Desde os 14 anos, Carlos Fernandes da Silva, 52 anos, tem como principal ofício de vida o de carregador oficial do Homem da Meia-Noite - o de padeiro, que assume no resto do ano, é secundário. Carlos já deu vida a dezenas de personagens, mas nenhum foi como o o “lorde” calunga, segundo ele. “É uma magia que não tem como dizer. Quando entro embaixo do boneco parece que não sou mais eu. Com ele, preciso sair cumprimentando as pessoas de casa em casa. O pessoal é muito fã dele. Quando ele anda, arrasta aquela multidão como um imã”, descreve.

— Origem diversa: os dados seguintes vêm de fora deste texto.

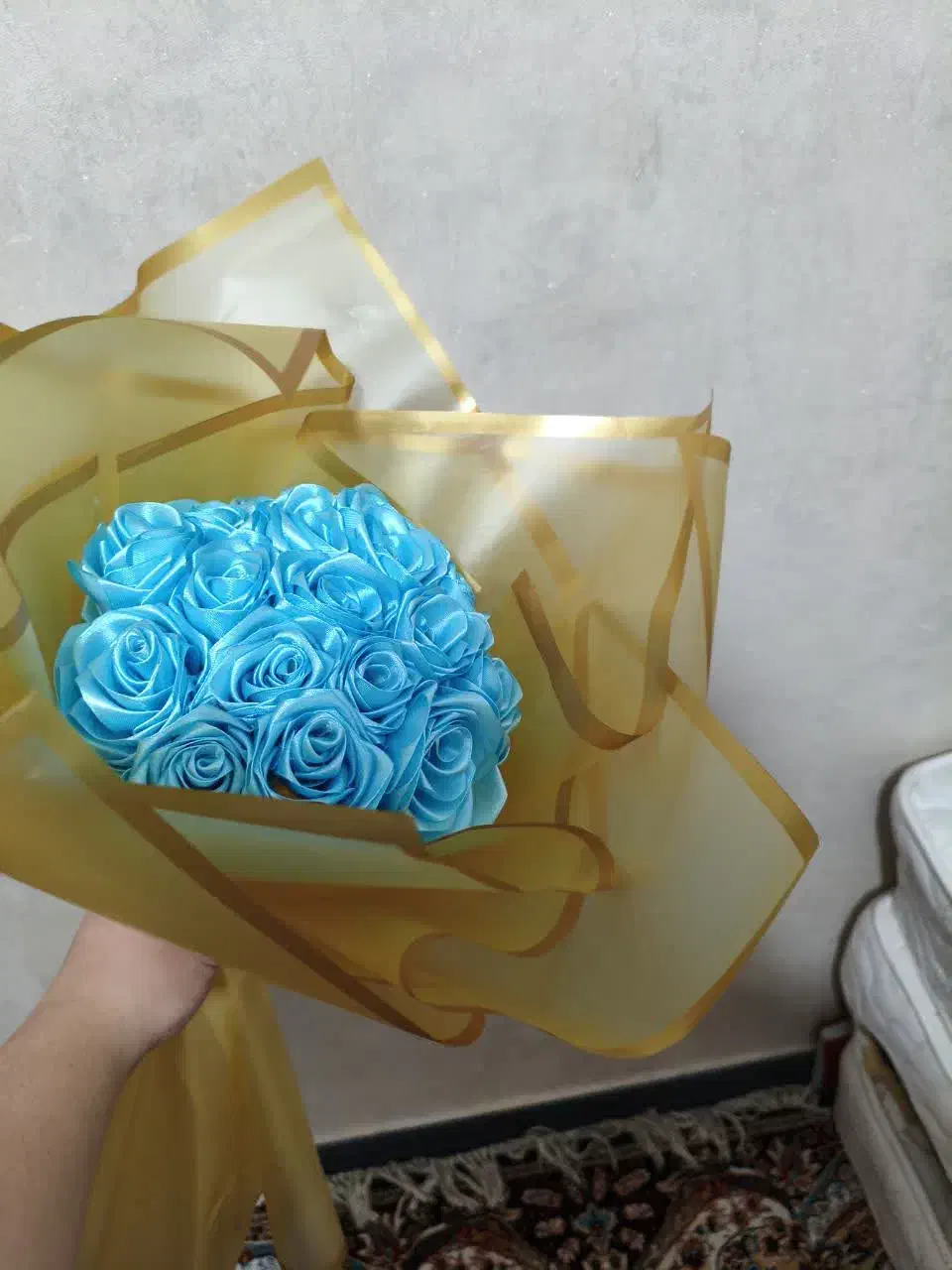 گل روبانی|گل مصنوعی|رباط‌کریم, رباط‌کریم|دیوار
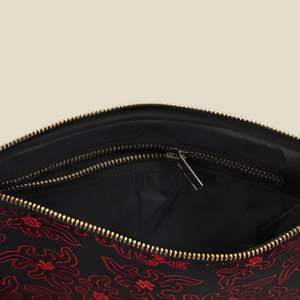 กระเป๋าสตางค์ผ้าบาติกสไตล์วินเทจที่ดีที่สุดจากอินโดนีเซียยาวหนังสังเคราะห์รูปทรงเรขาคณิตแบบมีซิปปิด - Product Image 4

Uma dessas é a aposentada Eliane Bernardina, 65, que mora na casa de muro colado à do Homem. “Todo ano eu ia atrás dele. Ficamos muito emocionados quando ele vai sair, dá uma alegria. No sábado, chegam para participar famíliares e amigos, é um clima gostoso, todo mundo animado, esperando ele sair. Meu avô foi um dos fundadores do Homem e do hino dele, então o amor é muito grande”, revela.
"As pessoas olham para ele, choram, querem tocá-lo e segui-lo. Eu costumo dizer que o desfile do Homem é quase uma romaria religiosa, porque uma hora depois da orquestra passar tem pessoas seguindo, sem música. Não é uma agremiação carnavalesca, simplesmente, é algo mais", descreve Adolpho.
A disputa é grande para participar de seu espetáculo, segundo o maestro Carlos Rodrigues da Silva, de 56 anos. "Hoje todos os músicos de Olinda querem ter o privilégio de tocar no Homem", diz ele, que há 30 anos comanda a orquestra que hoje tem 60 integrantes, mas já tocou "aos trancos e barrancos" com 12. "Mesmo com a experiência que eu tenho, arrepia. Ano passado fiz o trajeto do desfile tocando baixinho com meu instrumento. Este ano, novamente, estou triste."
Assim como no último ano, Carlos não verá em 2022 o olhar emocionado do público admirando o gigante, apenas erguerá o Homem para as comemorações online de Carnaval, que será transmitida neste domingo. Desde novembro, antes de qualquer outra, a agremiação se posicionou afirmando que novamente não desfilaria ao priorizar a vida.
O jornalista e pesquisador de frevo Amílcar Bezerra pontua que o Carnaval de Pernambuco tem uma tradição comunitária, o que faz com que sua ausência seja muito mais dolorosa. "As agremiações são de familiares, amigos, pessoas que trabalham juntas, é uma tradição antiga e ininterrupta. Vai-se criando essa cultura, esse sentimento comunitário que não acontece nos outros períodos do ano, é no Carnaval que isso se ritualiza. Então, quem sofre mais é quem faz o Carnaval, mais que todo mundo.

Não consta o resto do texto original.